>>>

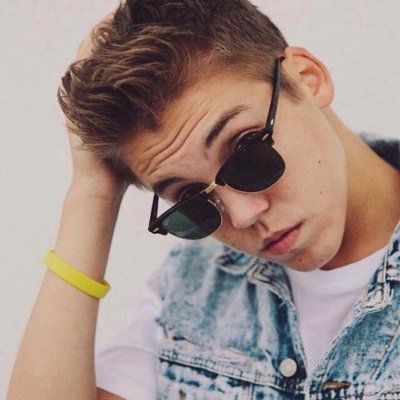 i am matts babe wtf.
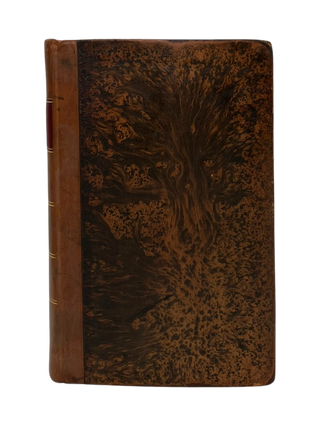 Topographical Description of the Western Territory of North America:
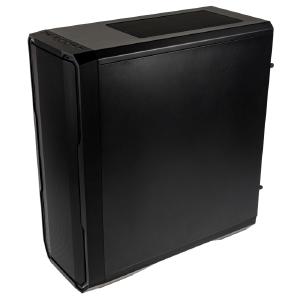 BRANDNEU bei Caseking - BitFenix Enso Mesh: Der Midi-Tower mit optimalem Airflow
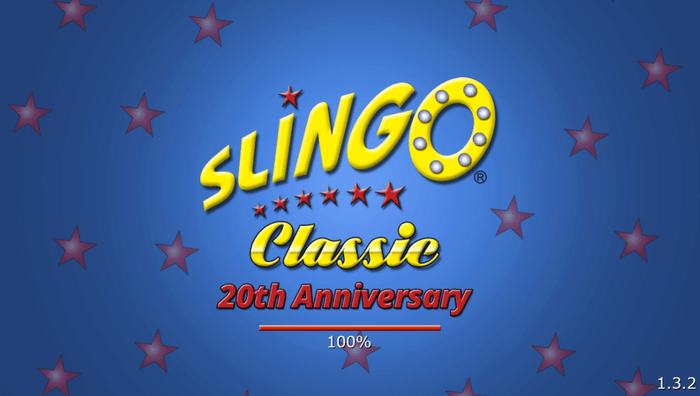 Slingo Classicの画像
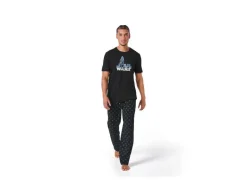 Heren pyjama< Clearance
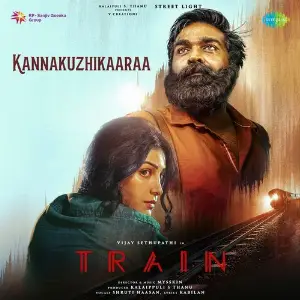 Kannakuzhikaaraa (From Train) image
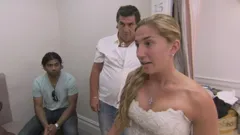 Say Yes to the Dress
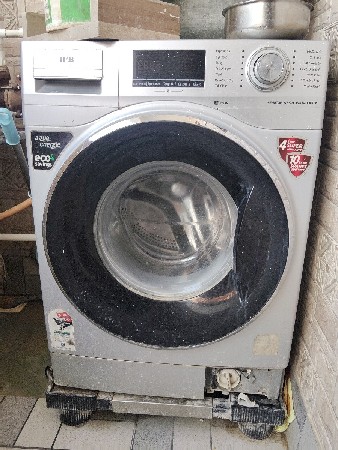 ifb washing machine 
model 2021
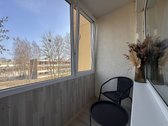 Nuomojamas Tvarkingas Šiltas Ir Ekonomiškas - nuotraukos Nr. 6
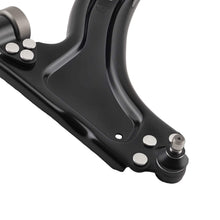 Laad de afbeelding in de galerijviewer, 1x LINKS VOOR DRAAGARM geschikt voor OPEL COMBO TOUR CORSA C X01 352041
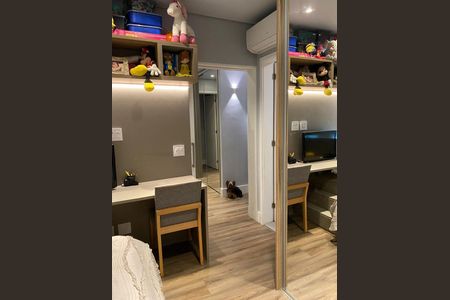 Apartamento à venda com 4 quartos, 163m² em Vila Andrade, São Paulo
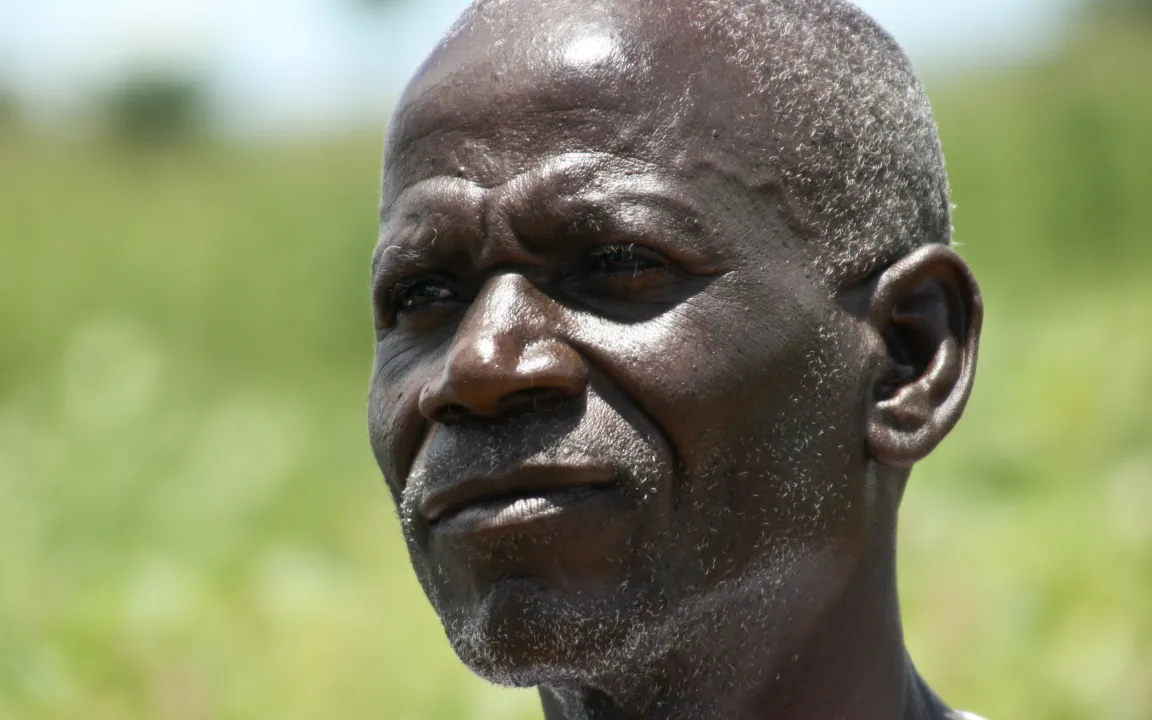 Farmer-Portrait – eine Idee zieht Kreise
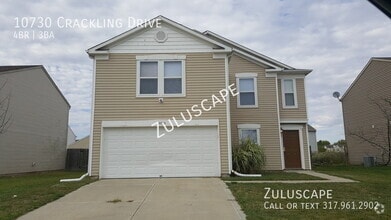 Building Photo - 10730 Crackling Dr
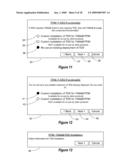 Product install and configuration providing choice of new installation and re-use of existing installation diagram and image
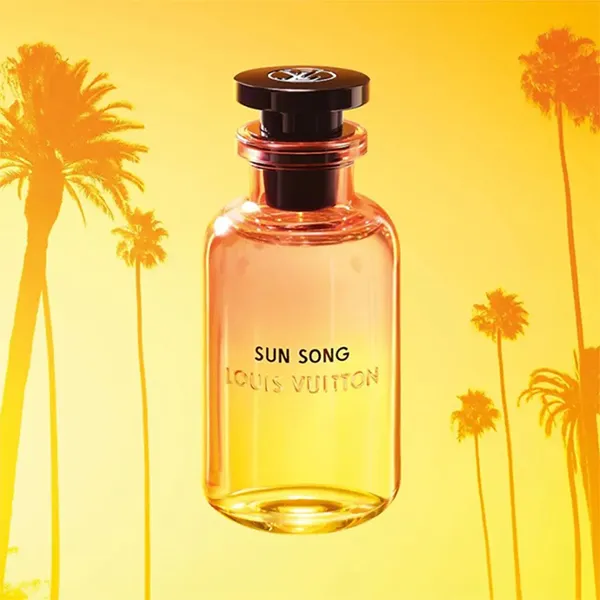 Nước Hoa Unisex Louis Vuitton LV Sun Song LP0427 EDP 100ml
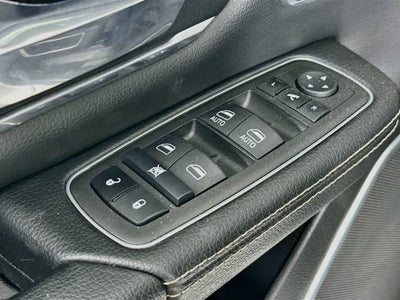 RAM 1500 Laramie 2023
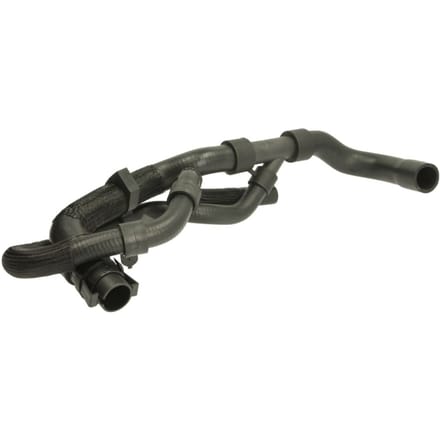 Radiateurslang THERMOTEC DWC015TT
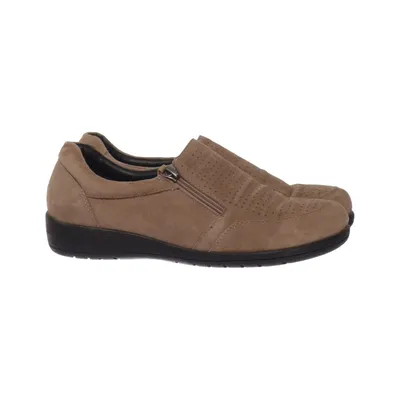 Slip-ons (Beige) from Softwalk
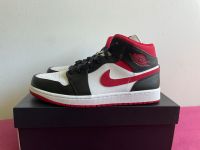 Nike Air Jordan 1 Mid Gym Red EU45 Neu DS US11 Köln - Köln Merheim Vorschau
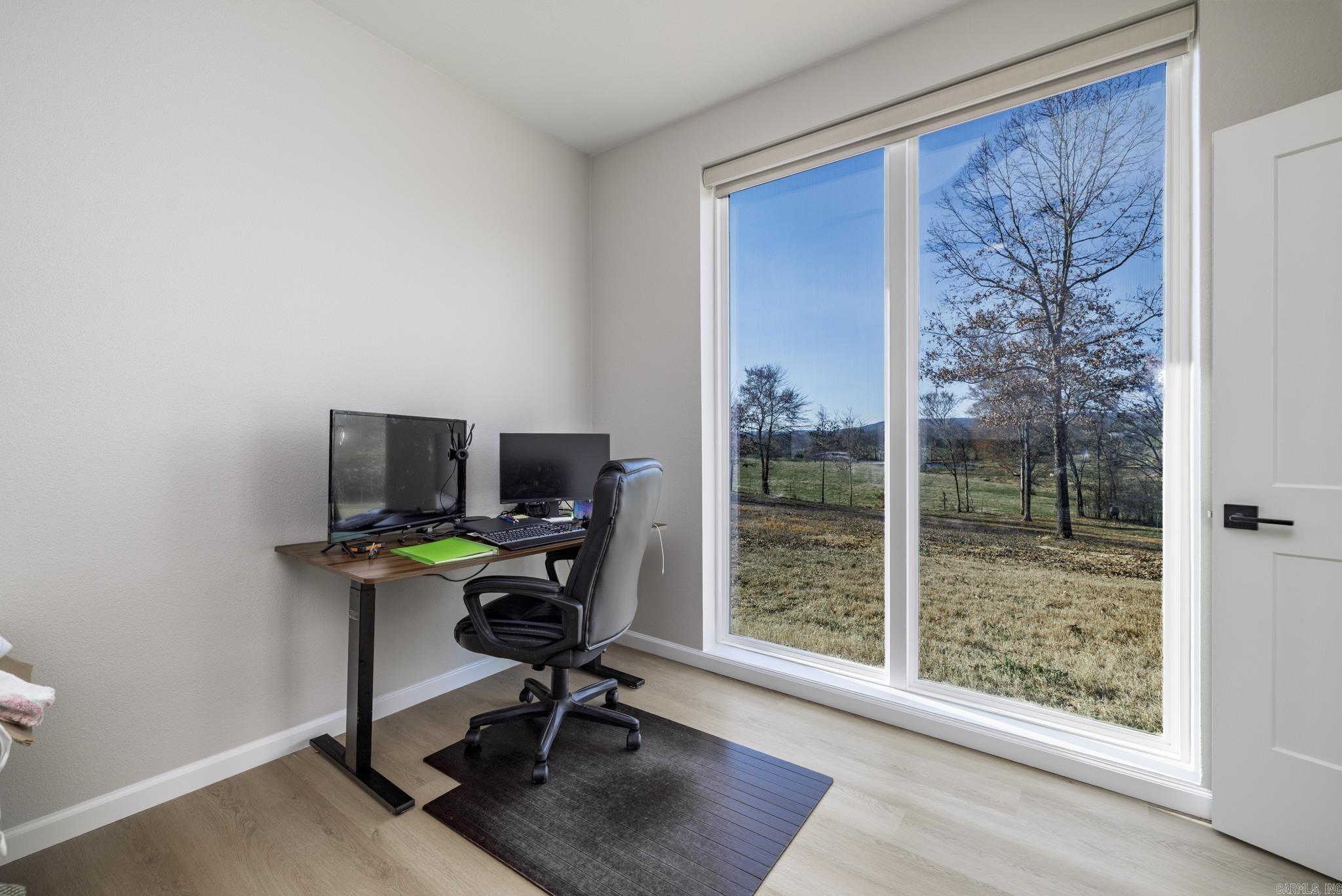 279 Eagles Ln  Bismarck, AR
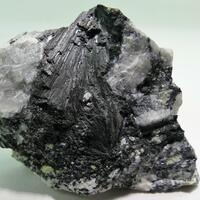 Ludwigite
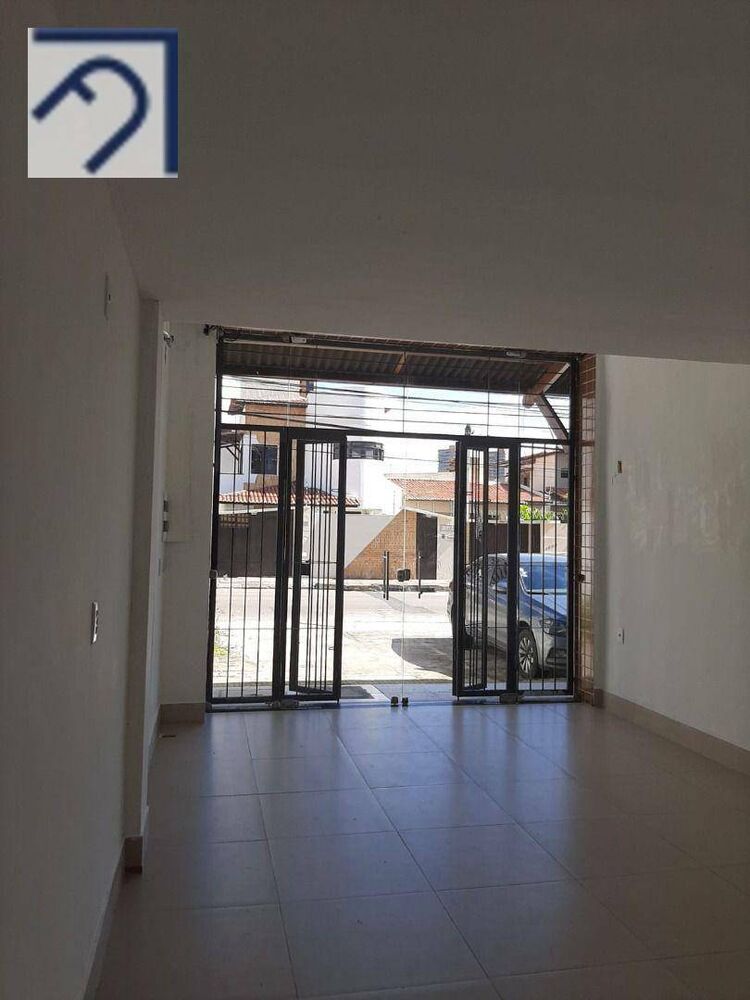 Loja-Salão para alugar, 56m² - Foto 4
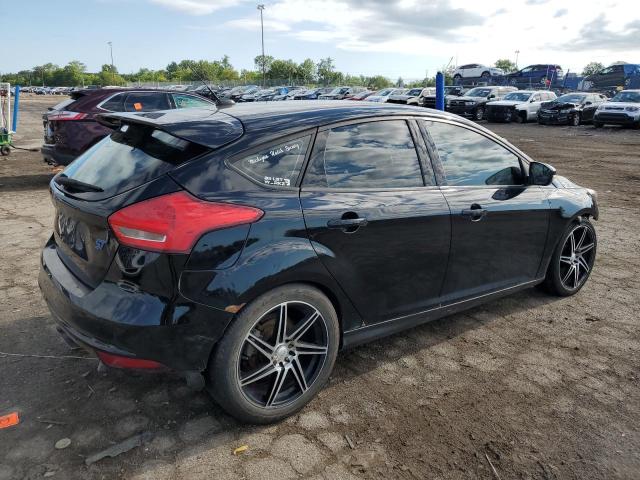 Photo 2 VIN: 1FADP3L99HL253911 - FORD FOCUS ST 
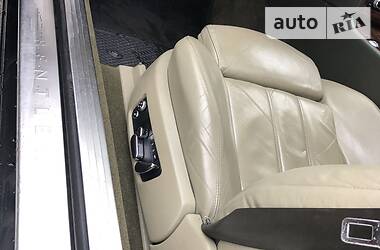 Купе Bentley Continental GT 2005 в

<<<

TASK TO CARRY OUT
With the pictures set aside, copy each line above as written.

EXERCISE ANSWER
 i am matts babe wtf.
 Topographical Description of the Western Territory of North America:
 BRANDNEU bei Caseking - BitFenix Enso Mesh: Der Midi-Tower mit optimalem Airflow
 Slingo Classicの画像
 Heren pyjama< Clearance
 Kannakuzhikaaraa (From Train) image
 Say Yes to the Dress
 ifb washing machine 
model 2021
 Nuomojamas Tvarkingas Šiltas Ir Ekonomiškas - nuotraukos Nr. 6
 Laad de afbeelding in de galerijviewer, 1x LINKS VOOR DRAAGARM geschikt voor OPEL COMBO TOUR CORSA C X01 352041
 Apartamento à venda com 4 quartos, 163m² em Vila Andrade, São Paulo
 Farmer-Portrait – eine Idee zieht Kreise
 Building Photo - 10730 Crackling Dr
 Product install and configuration providing choice of new installation and re-use of existing installation diagram and image
 Nước Hoa Unisex Louis Vuitton LV Sun Song LP0427 EDP 100ml
 RAM 1500 Laramie 2023
 Radiateurslang THERMOTEC DWC015TT
 Slip-ons (Beige) from Softwalk
 Nike Air Jordan 1 Mid Gym Red EU45 Neu DS US11 Köln - Köln Merheim Vorschau
 279 Eagles Ln  Bismarck, AR
 Ludwigite
 Loja-Salão para alugar, 56m² - Foto 4
 Photo 2 VIN: 1FADP3L99HL253911 - FORD FOCUS ST 
 Купе Bentley Continental GT 2005 в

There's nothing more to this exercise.